* _Assignment_
Find the line below with "I put nukes". Print it and every line after it exactly, through the last line, leaving out the pictures.

#### Dataset extract

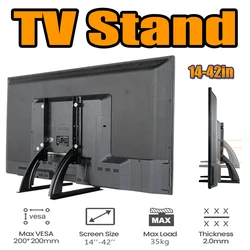 BEISHI Stand for 14-42 Inch LCD /LED/OLED TV Universal Table Top TV Stand Pedestal Feet TVs Flat&Curve Screen Monitor Bracket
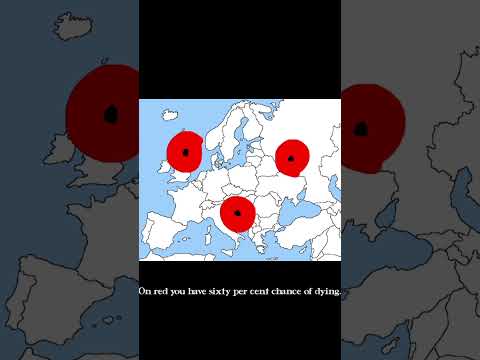 I put nukes on Europe #shorts #trending #nuke #map #hide #mapping #nukes #radiation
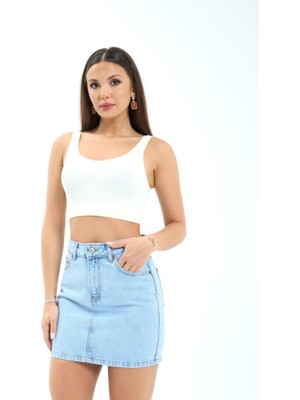 Evyora 7395 Kot Etek-Açık Mavi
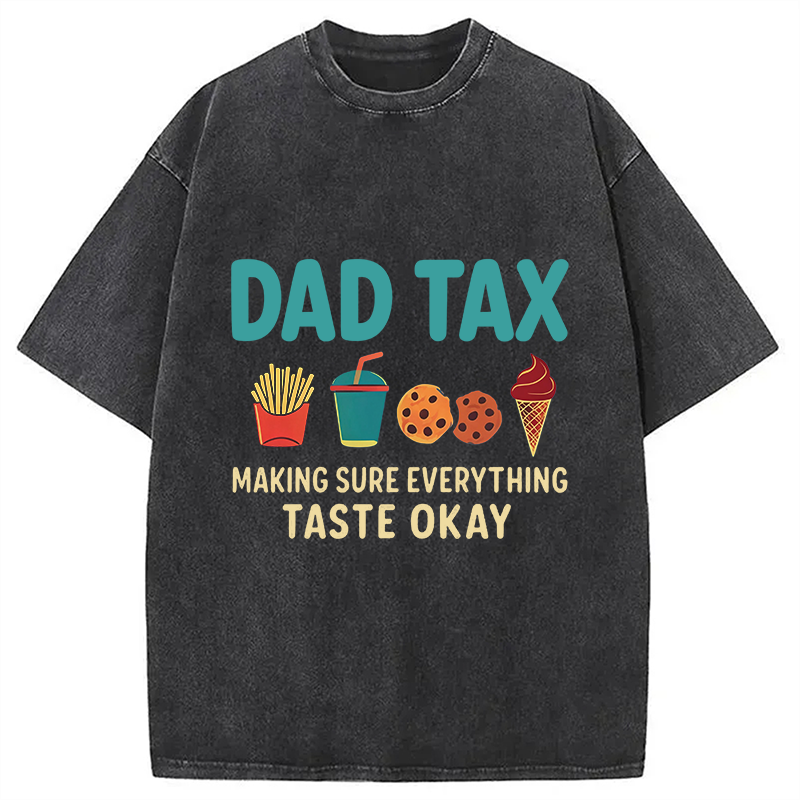 Food Tax Washed T-shirt elevenforest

########

* _Result of the exercise_
 I put nukes on Europe #shorts #trending #nuke #map #hide #mapping #nukes #radiation
 Evyora 7395 Kot Etek-Açık Mavi
 Food Tax Washed T-shirt elevenforest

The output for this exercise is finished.